Вступая в подобного рода дискуссию и задавая собеседникам каверзные вопросы, я
ставил их в опасное положение. Я никогда с тех пор не видел ни мадам Афиногенову, ни
кого-то из ее гостей. Теперь я отношусь с полным пониманием к их реакции и признаю
бестактность моего поведения.
- II -
Несколькими днями позже, сопровождаемый Линой Ивановной Прокофьевой, бывшей женой композитора, я на электричке поехал в Переделкино. Это была своего рода
литературная деревня, созданная по инициативе Горького, с тем чтобы признанные
писатели могли там работать в спокойной обстановке. Но учитывая темперамент людей
творчества, их близкое соседство далеко не всегда было гармоничным. Даже я, несведущий иностранец, мог догадаться, что в Переделкино не утихают ссоры и
разногласия.
Ступив на дорогу, ведущую к писательским домам, мы увидели мужчину, роющего
канаву. Он вылез из нее, представился Язвицким, спросил, как зовут нас, и мы довольно
долго беседовали. Наш новый знакомый настоятельно посоветовал нам прочитать его
блестящий роман "Костры инквизиции" (4) и еще более замечательный роман об Иване
Третьем и средневековой России, над которым он работал в то время. Затем, пожелав нам
всего хорошего, он исчез в своей канаве. Моя спутница была несколько ошеломлена
подобной бесцеремонностью, меня же она очаровала. Непосредственный, сердечный
монолог, без формальностей и светских любезностей, обязательных на официальных
приемах, произвел на меня необыкновенно приятное впечатление.

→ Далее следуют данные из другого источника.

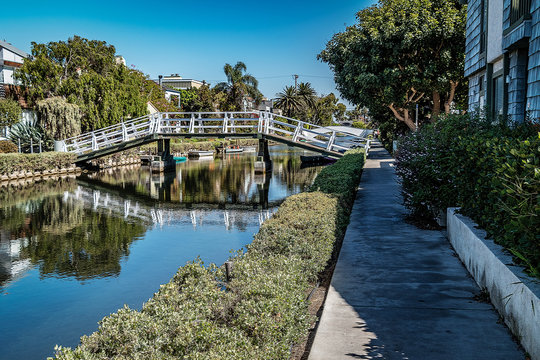 pedestrian bridge over canal, Venice, Los Angeles, California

Стоял теплый солнечный день, какие бывают ранней осенью. Пастернак со своей
женой и сыном Леонидом сидели за деревянным столом в крошечном саду. Поэт сердечно
нас приветствовал. Марина Цветаева, с которой Пастернак был дружен, однажды сказала, что он выглядит как араб и его конь: у него было смуглое, экспрессивное, очень
колоритное лицо, теперь знакомое всем по многочисленным фотографиям и портретам
кисти его отца. Пастернак говорил медленно, монотонно, низким тенором, несколько
растягивая слова и с каким-то жужжанием, услышав которое один раз, уже невозможно
было забыть. Он удлинял каждый гласный звук, как иной раз слышишь в жалобных
лирических оперных ариях Чайковского, только у Пастернака это звучало с большей
силой и напряжением. Я, смущаясь, передал ему пакет и объяснил, что в нем сапоги, посланные его сестрой Лидией. "Нет, нет, что это? - закричал поэт, удивленный, как будто
я подал ему милостыню, - это явное недоразумение! Вероятно, сапоги посланы не мне, а
моему брату". Я чувствовал себя все более неловко. Жена поэта, Зинаида Николаевна, желая помочь мне, перевела разговор на другую тему и задала вопрос о восстановлении
Англии после Второй мировой войны. Я еще не начал отвечать, как заговорил Пастернак:
"Я был в Лондоне в 1935 году, на обратном пути с Антифашистского конгресса в Париже.
11
Позвольте рассказать все с самого начала. Дело было летом, и я находился на даче, когда
ко мне явились два представителя НКВД, а может, Союза писателей. Мы тогда не так
боялись подобных визитов, как сейчас. Они сказали примерно следующее: "Борис
Леонидович, в Париже собирается антифашистский конгресс. Вы тоже приглашены на
него. Желательно, чтобы вы выехали завтра. Вы проедете через Берлин, где проведете
несколько часов и сможете повидаться со всеми, с кем пожелаете. В Париж вы прибудете
4. Настоящее название книги Язвицкого “Сквозь дым костров”(1943).